Preheat your oven to 425°F (220°C). Line a baking sheet with parchment paper or lightly grease it with cooking spray.
In a mixing bowl, combine the softened butter, parsley, chives, thyme, minced garlic, lemon zest, and a pinch of salt. Mix well until all ingredients are combined. Set aside.
In a large bowl, add the cauliflower florets. In a separate bowl, whisk together the eggs.
Sprinkle the flour over the cauliflower and toss to coat evenly. Then, dip each floret into the egg mixture, allowing excess to drip off.
In another bowl, mix the breadcrumbs, Parmesan cheese, garlic powder, onion powder, smoked paprika, salt, and pepper.
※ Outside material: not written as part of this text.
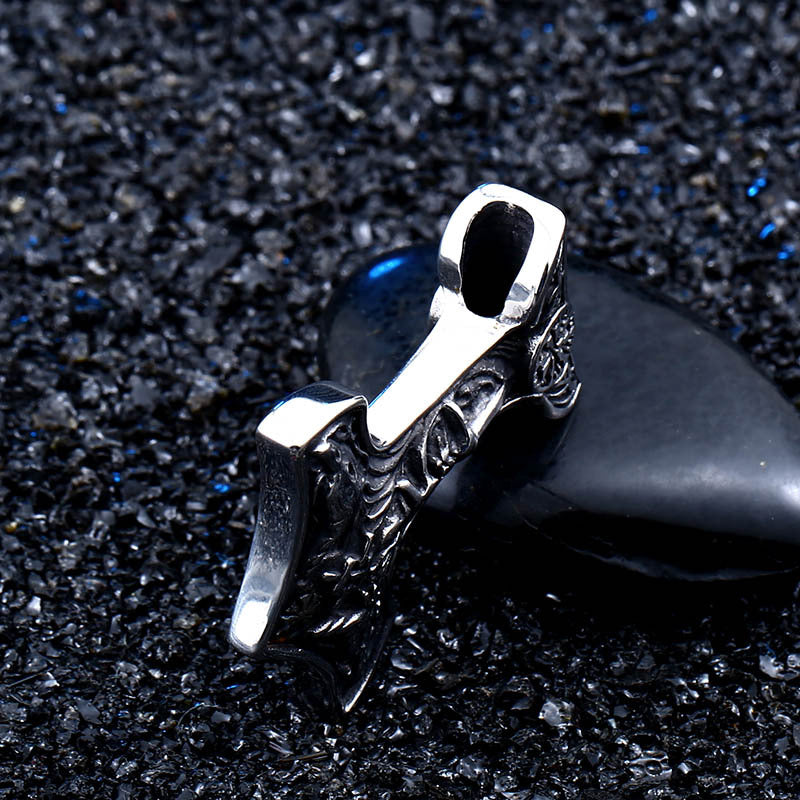 Titanium Steel Nordic Viking Totem Pendant for Men - Retro European and American Accessories Wholesale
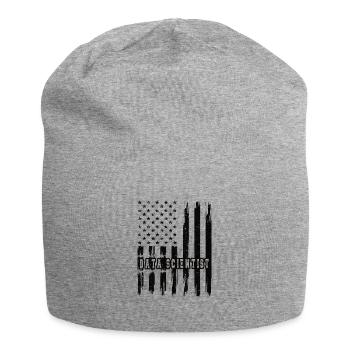 Data Scientist Geschenke Big Data Data Science - Jersey-Beanie - Grau meliert - Vorne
In batches, transfer the cauliflower florets from the egg mixture to the breadcrumb mixture, ensuring they are well-coated.
Place the coated cauliflower pieces on the prepared baking sheet in a single layer. Bake for 20-25 minutes, or until golden brown and crispy, flipping halfway through for even cooking.
Once the cauliflower is crispy, remove from the oven and immediately toss the hot cauliflower bites in the prepared herb butter until nicely coated.
Transfer the herb butter crispy cauliflower bites to a serving platter and serve warm, garnished with additional chopped herbs if desired.